"""

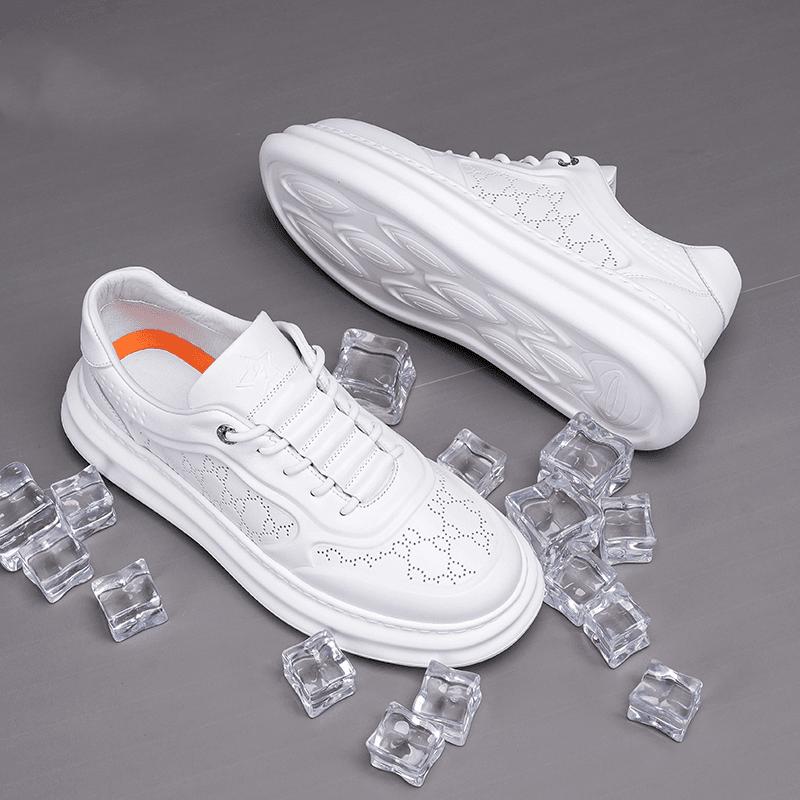 New summer men's shoes heightening slip-on breathable leather casual shoes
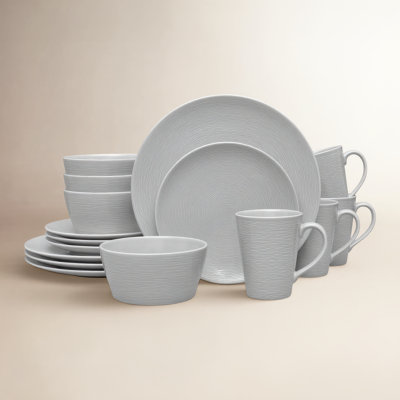 Noritake Colorscapes Swirl 16-Piece Coupe Dinnerware Set, Service for 4
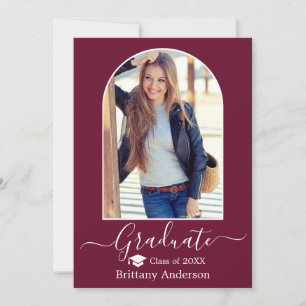 Modern Arch Cap Calligraphy Burgundy Graduation Announcement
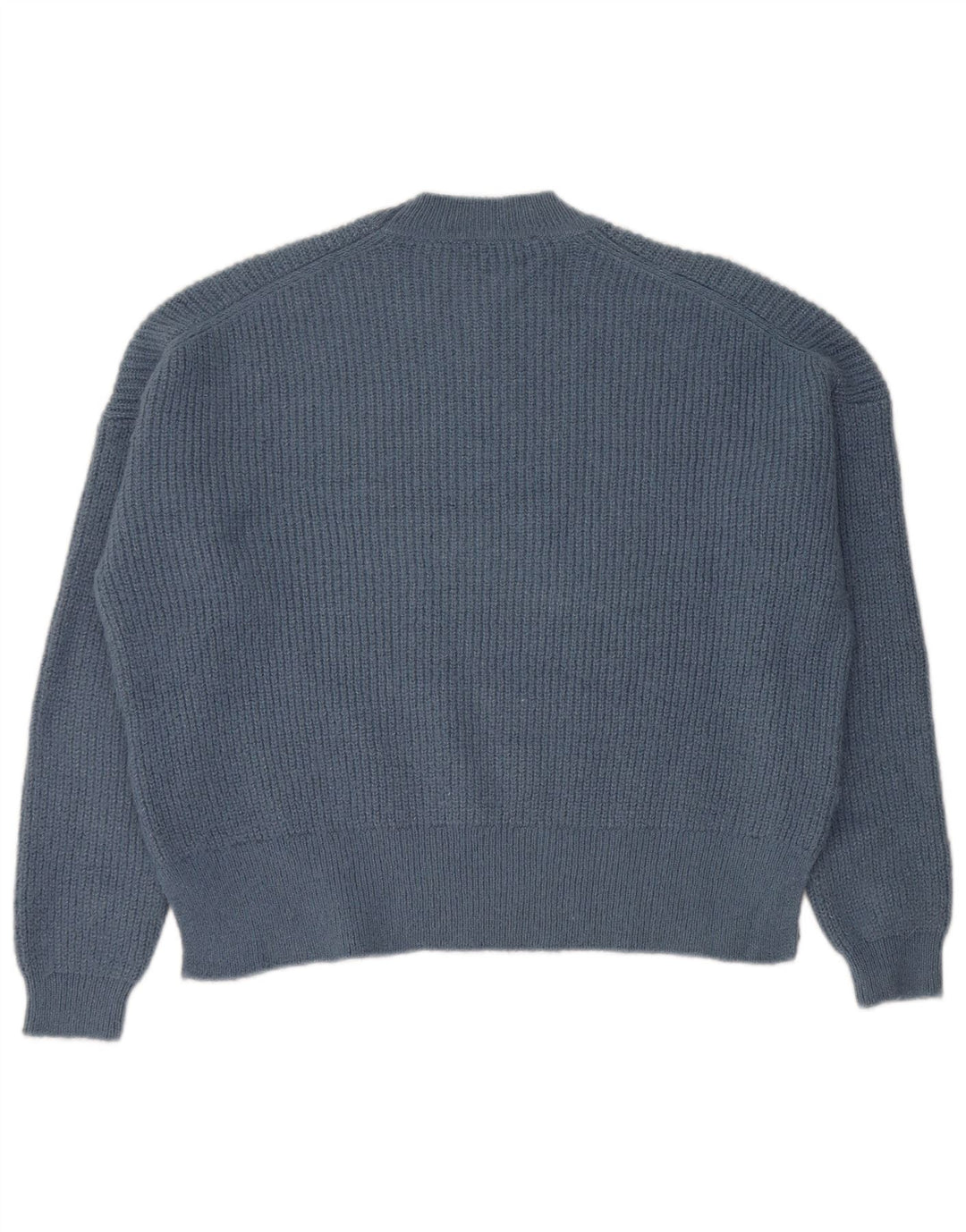 Zara Womens Oversized Crew Neck Jumper Sweater UK 10 Small Blue Acrylic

"""

Please print the span that begins at the line holding "Noritake Colorscapes Swirl" and ends at the last line of the data, both ends included, with no pictures.

Problem solution:
 Noritake Colorscapes Swirl 16-Piece Coupe Dinnerware Set, Service for 4
 Modern Arch Cap Calligraphy Burgundy Graduation Announcement
 Zara Womens Oversized Crew Neck Jumper Sweater UK 10 Small Blue Acrylic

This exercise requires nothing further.